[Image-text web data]
_ _ _

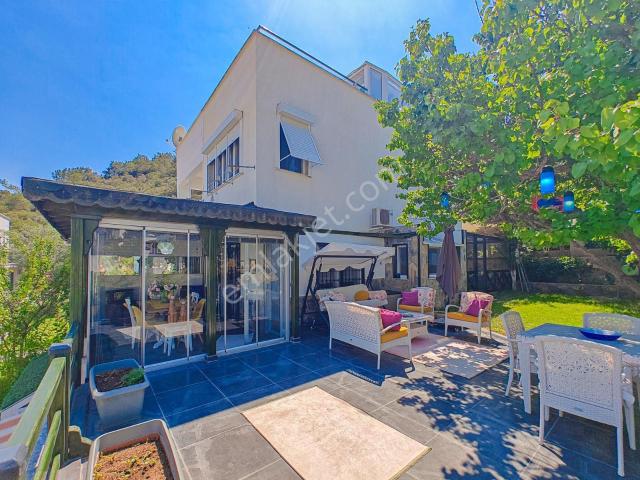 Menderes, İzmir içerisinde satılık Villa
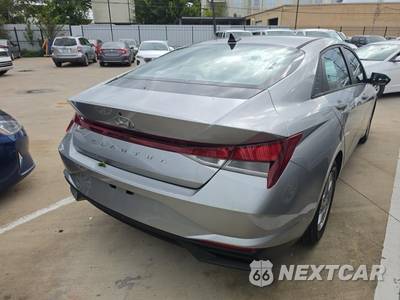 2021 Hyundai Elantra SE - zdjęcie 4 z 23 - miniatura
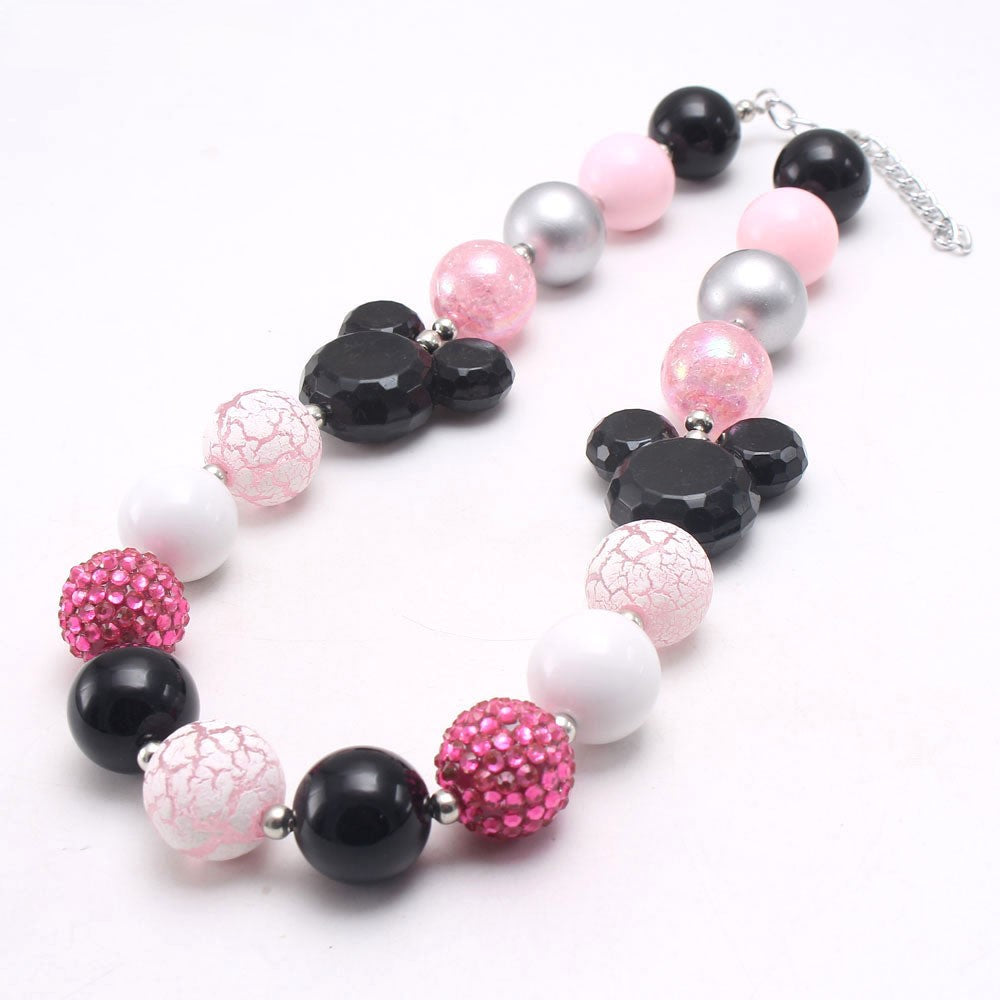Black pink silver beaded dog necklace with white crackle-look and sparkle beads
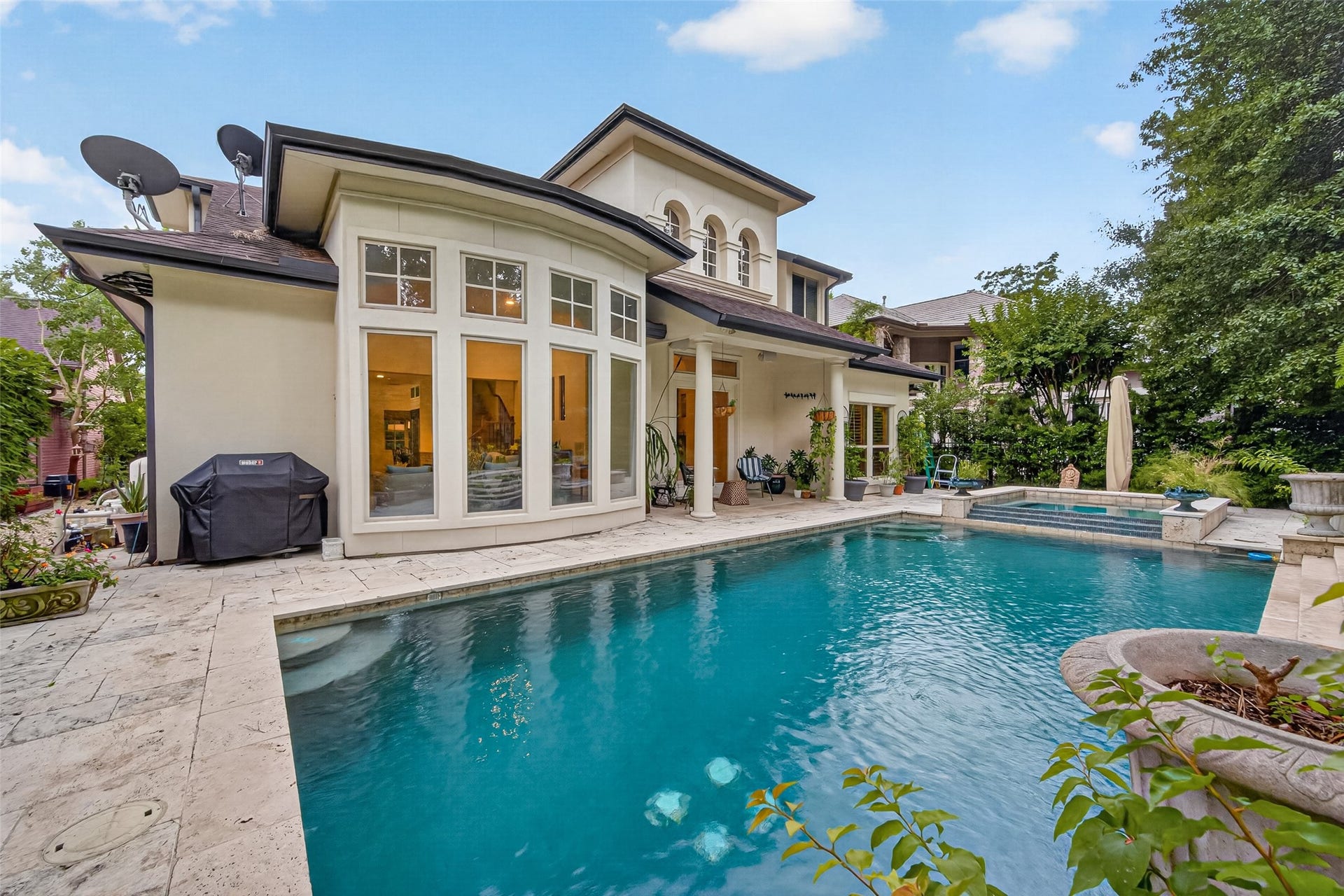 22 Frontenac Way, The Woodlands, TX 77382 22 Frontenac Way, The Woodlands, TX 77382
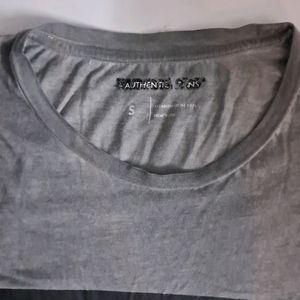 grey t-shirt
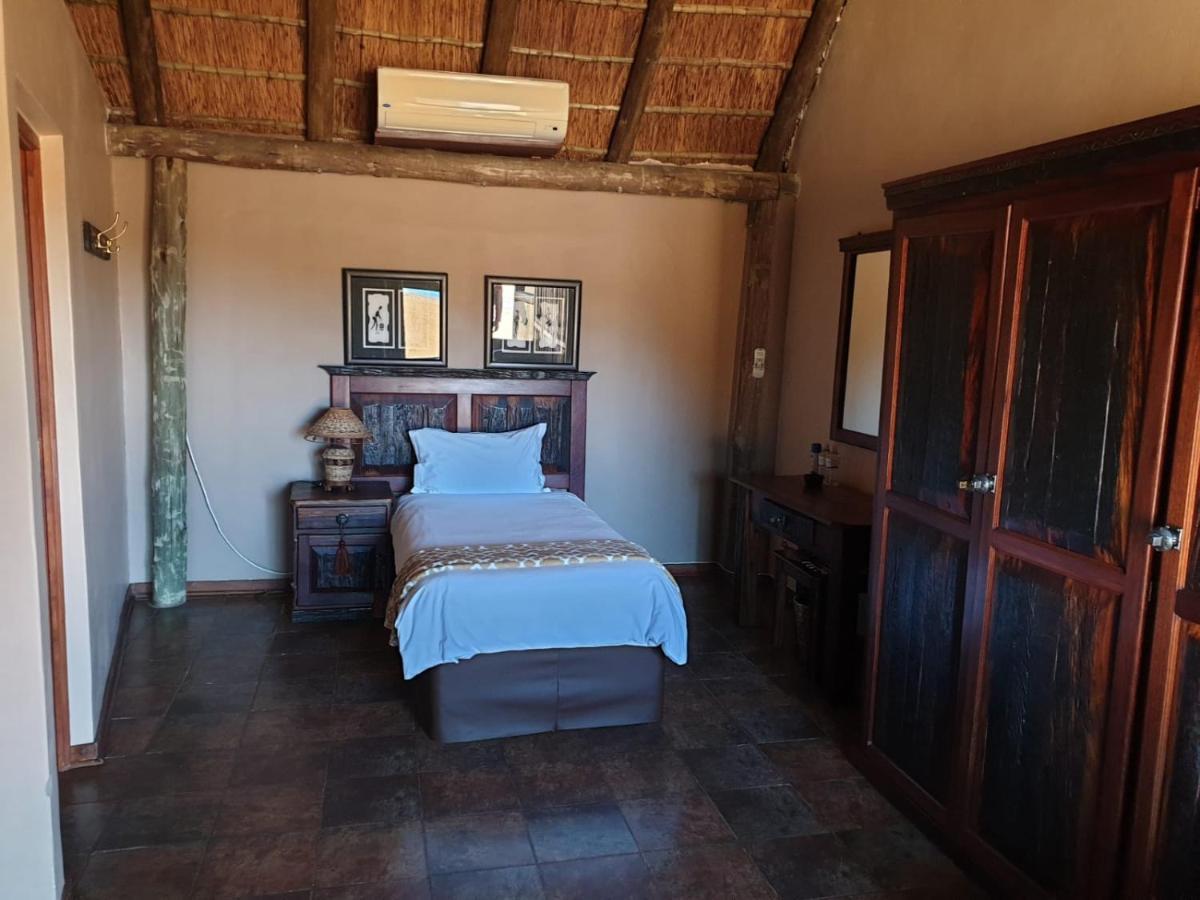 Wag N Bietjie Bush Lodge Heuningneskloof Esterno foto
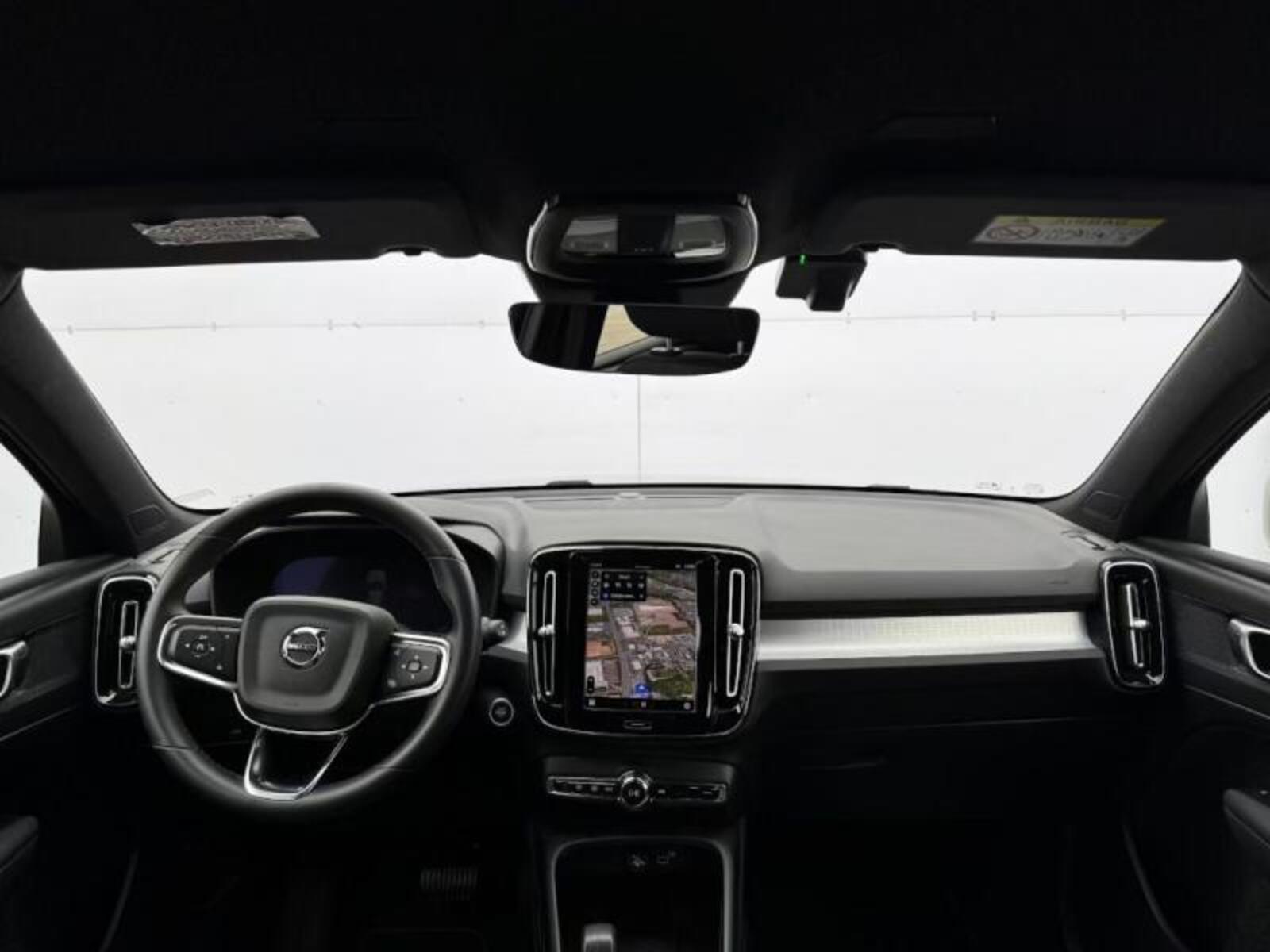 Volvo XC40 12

_ _ _

=== Your assignment ===
Every line from the one containing "2021 Hyundai Elantra" through the end of the records is to be returned exactly, and those lines alone; pictures are dropped.

=== Answer for this exercise ===
 2021 Hyundai Elantra SE - zdjęcie 4 z 23 - miniatura
Black pink silver beaded dog necklace with white crackle-look and sparkle beads
 22 Frontenac Way, The Woodlands, TX 77382 22 Frontenac Way, The Woodlands, TX 77382
 grey t-shirt
 Wag N Bietjie Bush Lodge Heuningneskloof Esterno foto
 Volvo XC40 12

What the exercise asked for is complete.